PLR Disasters – The Downside of Buying Private Label Rights Products


Private Label Rights Products seem to be all the rage in the Internet Marketing space these days. But instead of the articles and eBooks we all bought back in 2006 and 2007, video is the current fixation.
Some marketers love PLR ​​because it takes so much content to get and keep web traffic and to maintain your rank in the search engines. Some marketers use PLR ​​products as bonuses to boost the value of their core products. If the PLR ​​is well-written it can be a quick way to get started producing your own product, or an excellent way to test a market to determine if there are hungry buyers out there.

But there is a downside. With PLR, you never really know when the information was produced or how old the product is without there is a copyright date. For people new to internet marketing, you could be buying information that no longer works; or in my case, information that is just not there anymore.

Here is what happened to me:

I had been going through my hard drive determined to do something with some of the junk I bought. I found a product with a cute sales page and fun graphics. The copy was compelling and I could not wait to dig deeper. The product came in the form of a PDF without much copy but tantalizing titles linking to 10 videos on article marketing.

I was all set to learn something new about article marketing, but when I clicked the links I was taken to an error page. The videos were gone. I tried everything – dissecting the links, clicking on the suggested links – everything I could think of but there were no videos. And this was a product I acquired in the last year. Can you imagine what I think of the company that sold me this piece of garbage?

Typically when I buy a product, I download everything so I know I have it. But because this appeared to be an eBook, it never occurred to me to check inside. Big mistake!

This is a cautionary tale for PLR creators and re-distributors.
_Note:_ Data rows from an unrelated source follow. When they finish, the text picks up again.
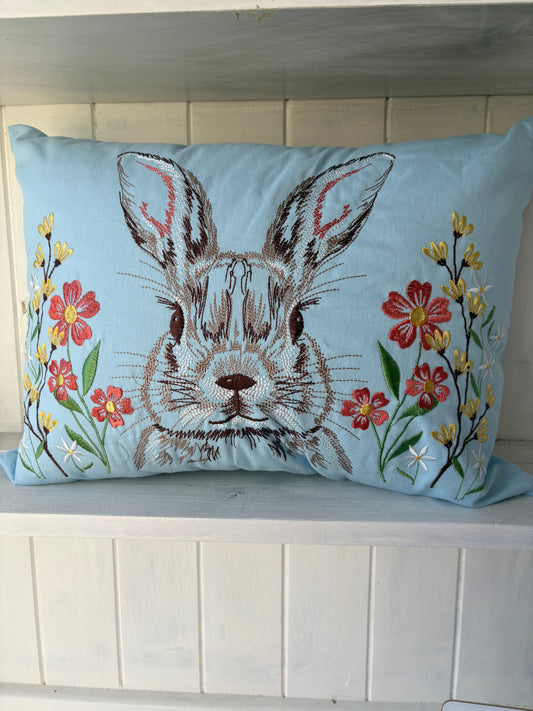 Embroidered rabbit design oblong cushion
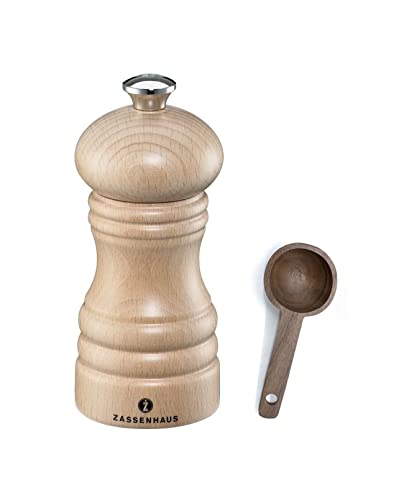 Zassenhaus Berlin Wood Mill Refillable Salt Grinder, Gift Set 4.7-Inch, Natural Beech - With Wooden Spice Scoop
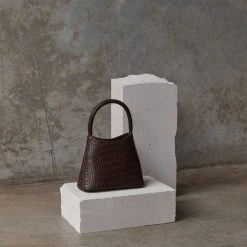 Brie Leon Accessories Mini Chloe Dark Chocolate Matte Croc Bag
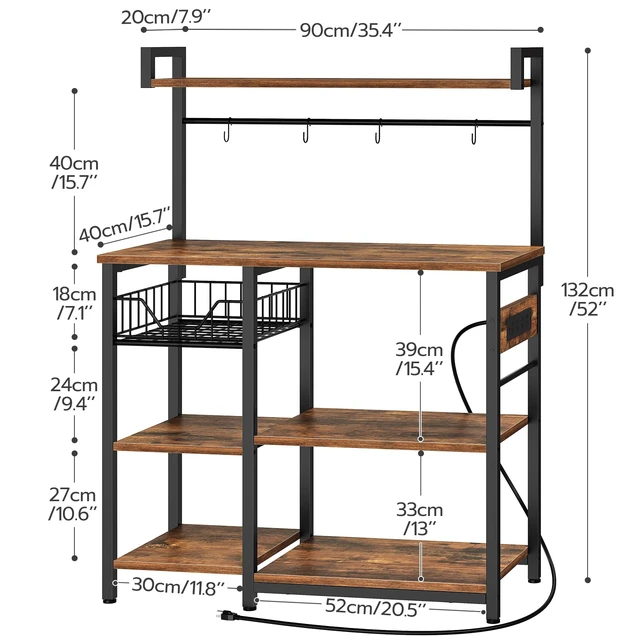Alt view image 4 of 7 - Bakers Rack with Power Outlet, 35.4 Inches Coffee Bar with Mesh Basket, Microwave Stand with 4 S-Shaped Hooks, Kitchen Bakers Rack with Storage, Easy to Assemble, Rustic Brown BF05HB01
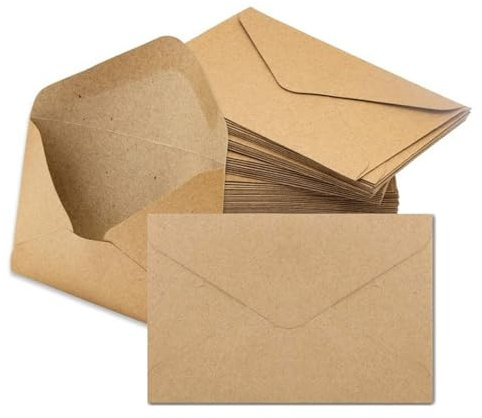 100 Stück Premium Kuverts in Kraftbraun mit Spitzer Klappe, Kraftpapier Umschlag Set, Briefumschläge Ohne Fenster aus Kraftpapier, für Hochzeitskarten, DIY Einladungen, Geburtstag
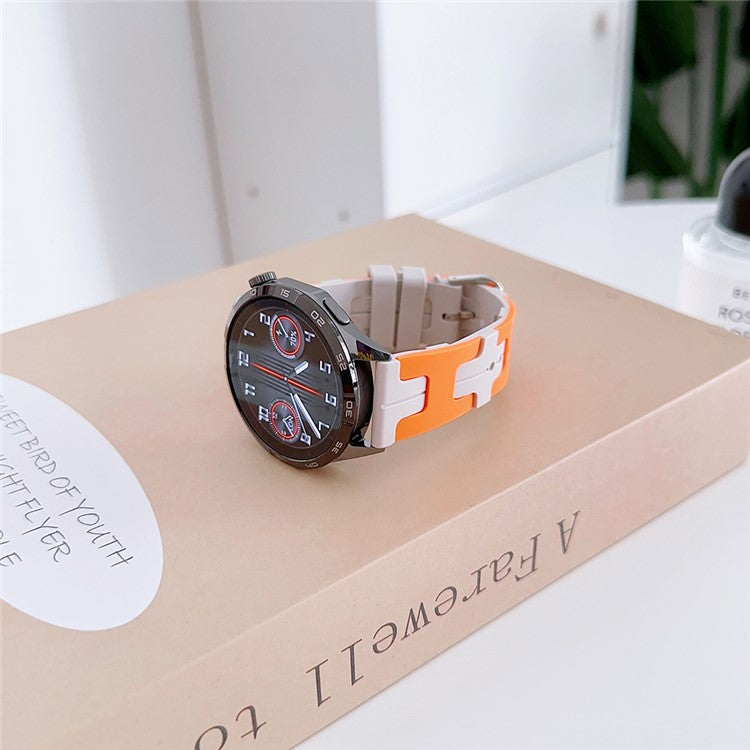 For Samsung Galaxy Watch FE 40mm / Watch6 / Watch6 Classic / Huawei Watch GT 4 41mm Silicone 20mm Watch Band - Baby Blue / White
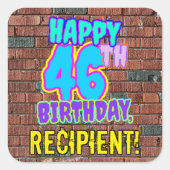 46e verjaardag - Leuke, stedelijke graffiti geïnsp Vierkante Sticker (Voorkant)
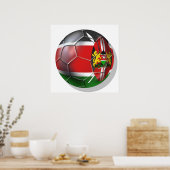 Poster Drapeau du Kenya footballeur de football (Cuisine)
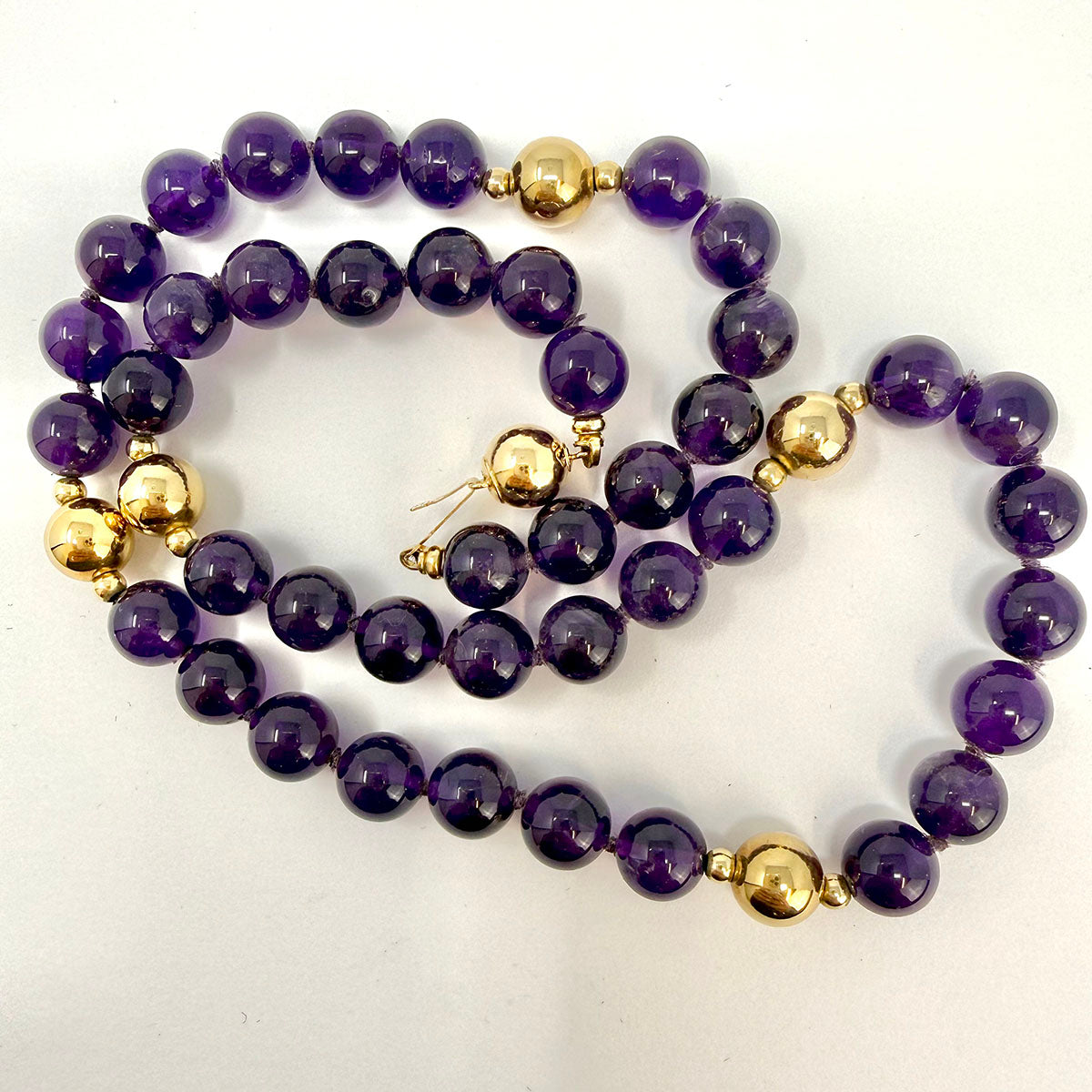 Amethyst and 14K Gold Ball Necklace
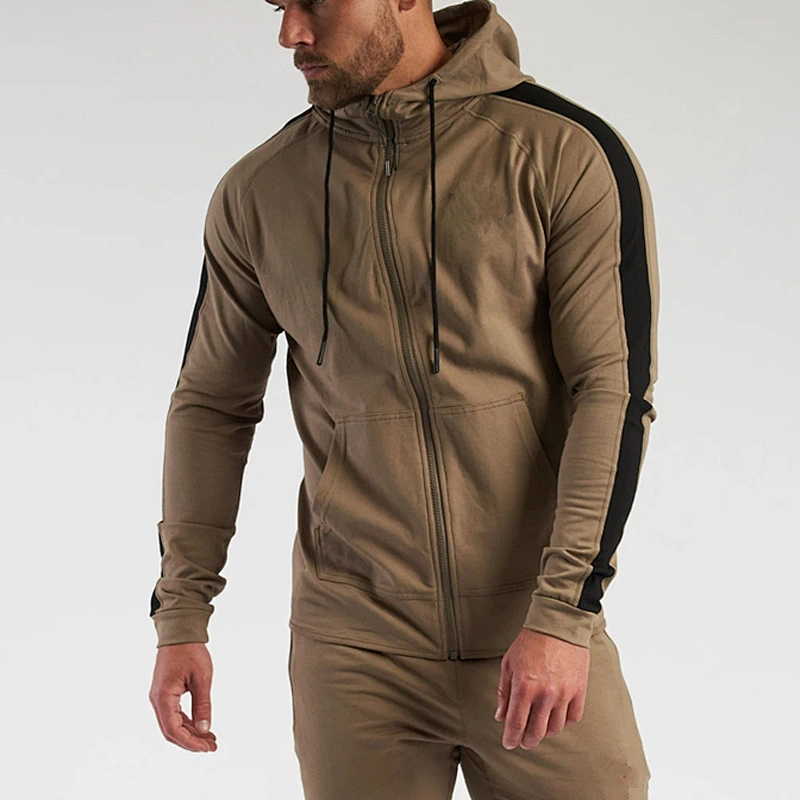 OEM Wholesale Zip Up Workout Sport Sweatshirts Autumn Men Gym Running Track Hoodie
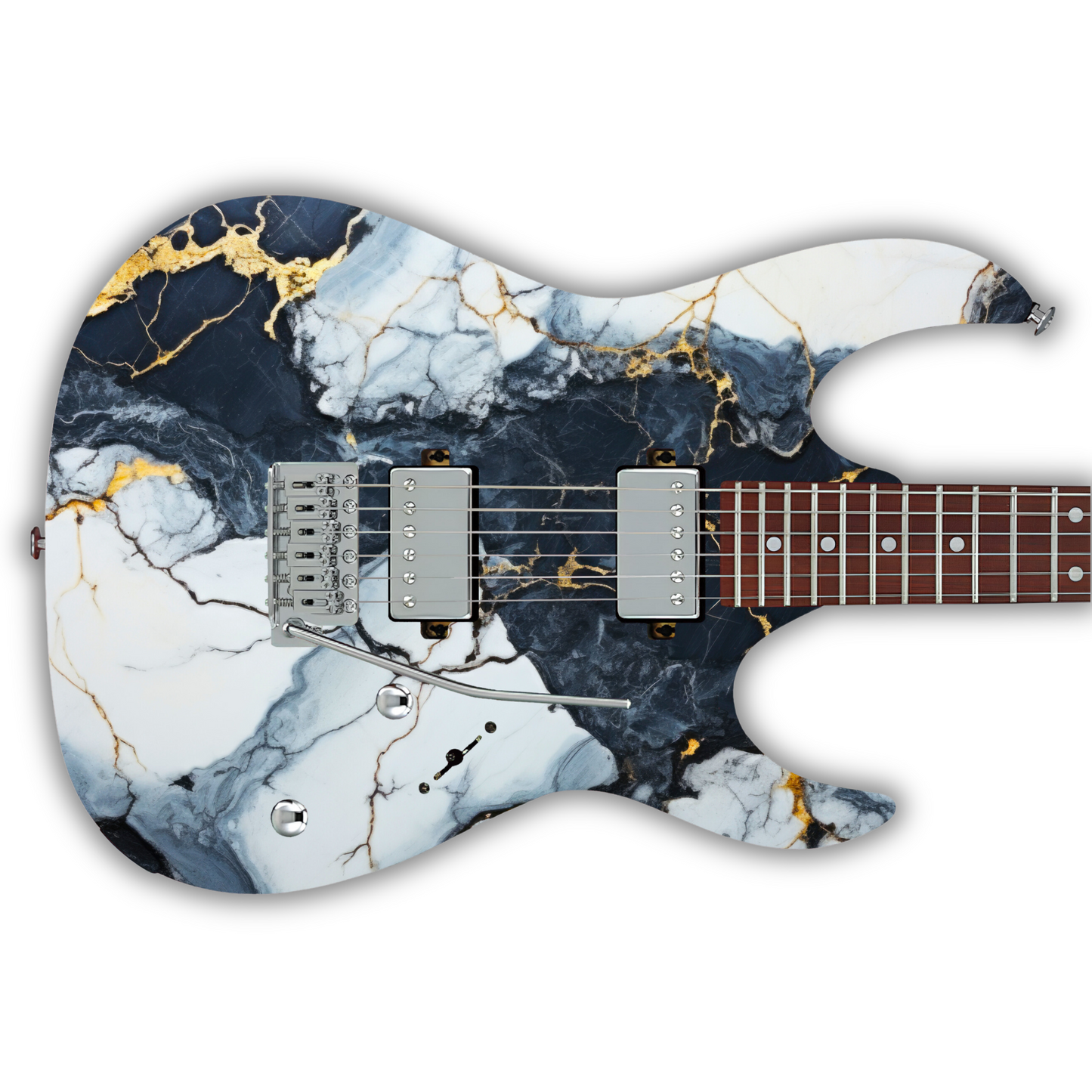 Marble - Grey, White & Gold - Guitar Vinyl Wrap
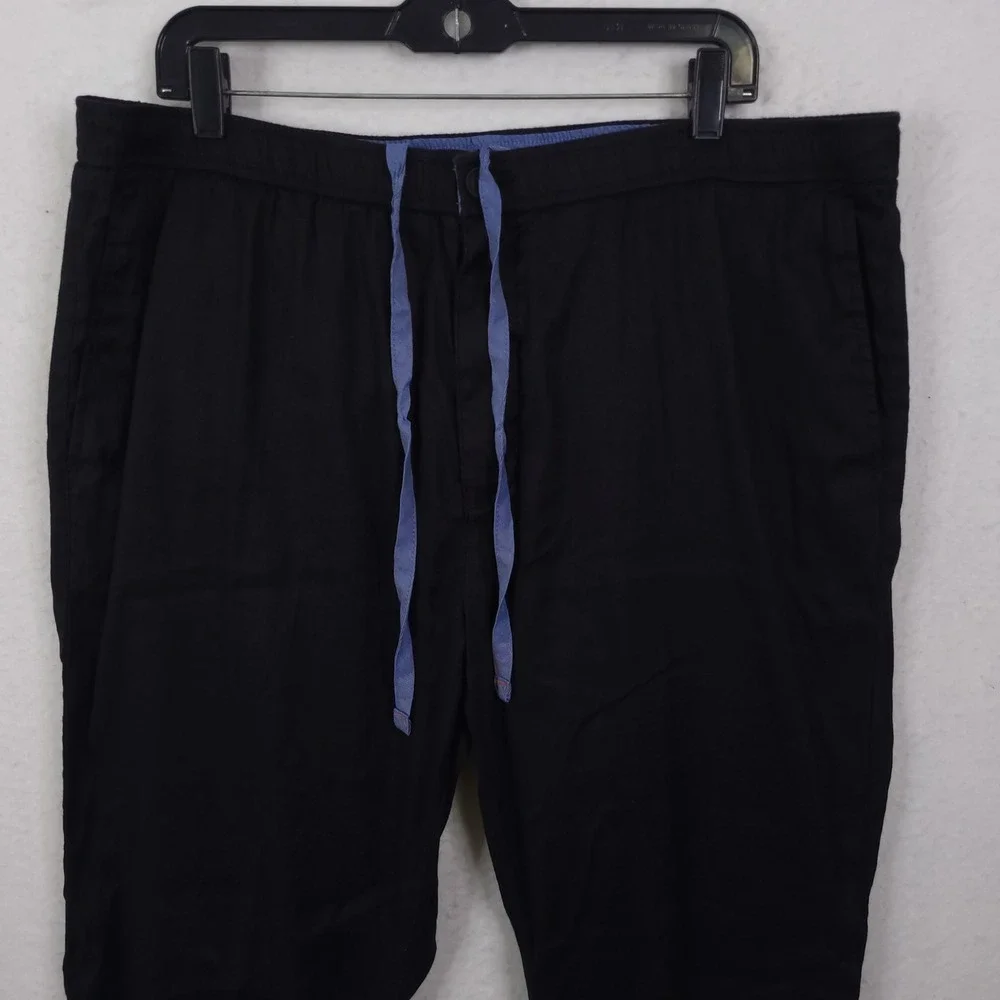 Tommy Bahama Linen Blend Pants Mens 1XLB Black Drawstring Beach Resort Trousers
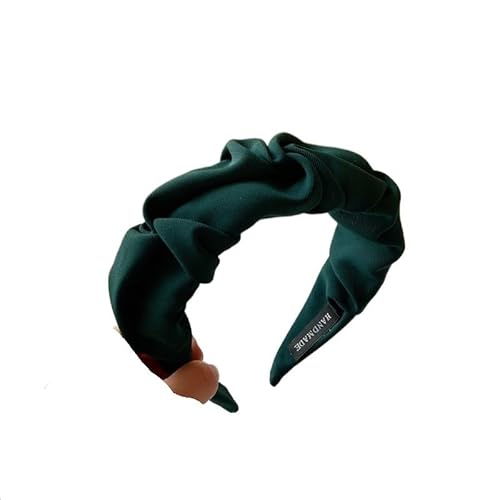 Satin breites Haarband Haarband Schleife Stirnbänder Damen Kopfschmuck Damen Haarschmuck Mädchen Kopfbedeckung (Color : Green, Size : One size) von ERICAT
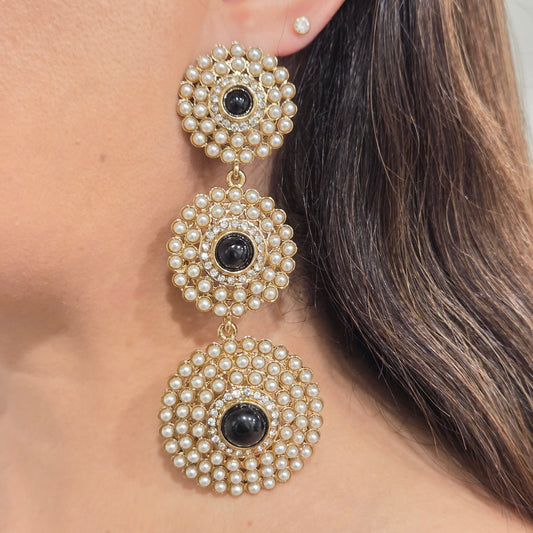 Gold & Black Gemstone Three-Tiered Pearl Statement Drop Earrings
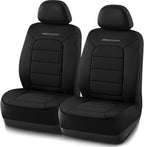 Skechers Memory Foam Car Seat Covers,Thick Cool Touch Fabric Seat Covers Front Seat Covers Airbag Compatible,Automotive Comfort Protection for Most Cars,Vans,Trucks,SUV,Black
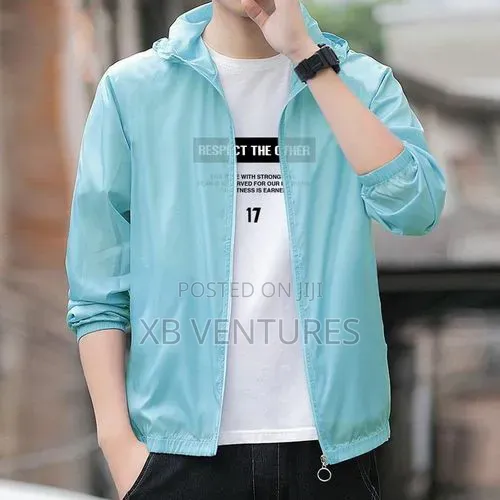 Hooded Sun Protection Jacket + Men Short Sleeve T-Shirt,
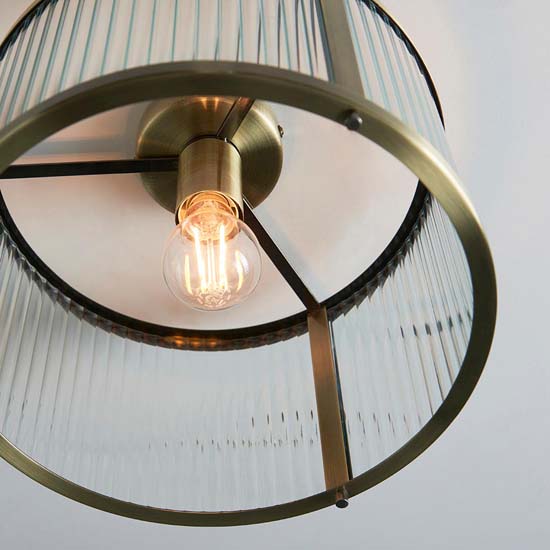 Rayong Glass Shade Flush Ceiling Light In Antique Brass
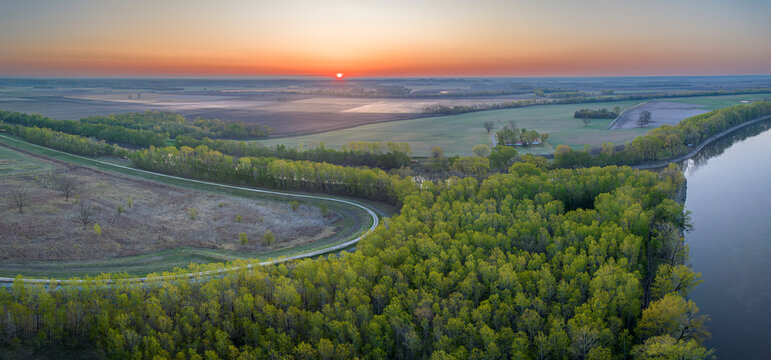 spring sunrise over the Missouri River and Chariton River at Dalton Bottoms - aerial view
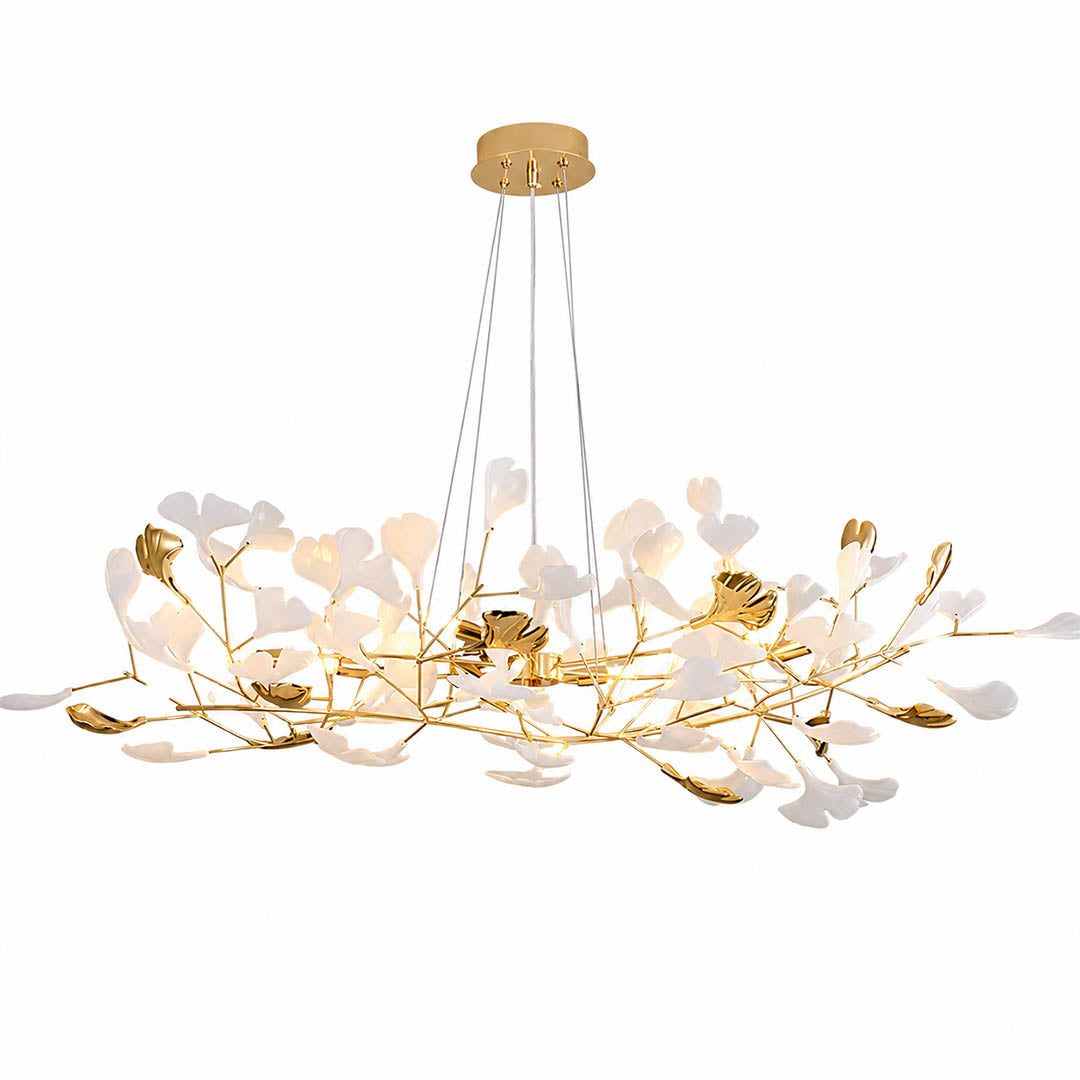 Gingko Chandelier Style F Model C proportional 59.1 inch handcrafted porcelain ginkgo leaves Rose Gold frame ceramic 8 G9 sockets modern mid century statement dining hospitality flagship white background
Here are some of my suggestions to avoid disappointing your customers.

  1. Provide downloadable material if you are not prepared to support the product over time.
  2. Provide copyright dates. Customers will not avoid evergreen content just because it was published several years ago. But on the Internet that information is vital. Strategies developed a year ago no longer work, so it might be important for a buyer to know that the product was created in 2005.
  3. Find a way to let people who purchased your product know that you are no longer supporting videos only available from a website. Make it possible for users to obtain their own copies of the videos if the information is still useful.
  4. Consider these issues if you are planning a PLR product. Imagine the user at the end of the line who ends up with a product that has lost its value. Do what food companies do. Provide a way for them to know that the product's shelf life has EXPIRED.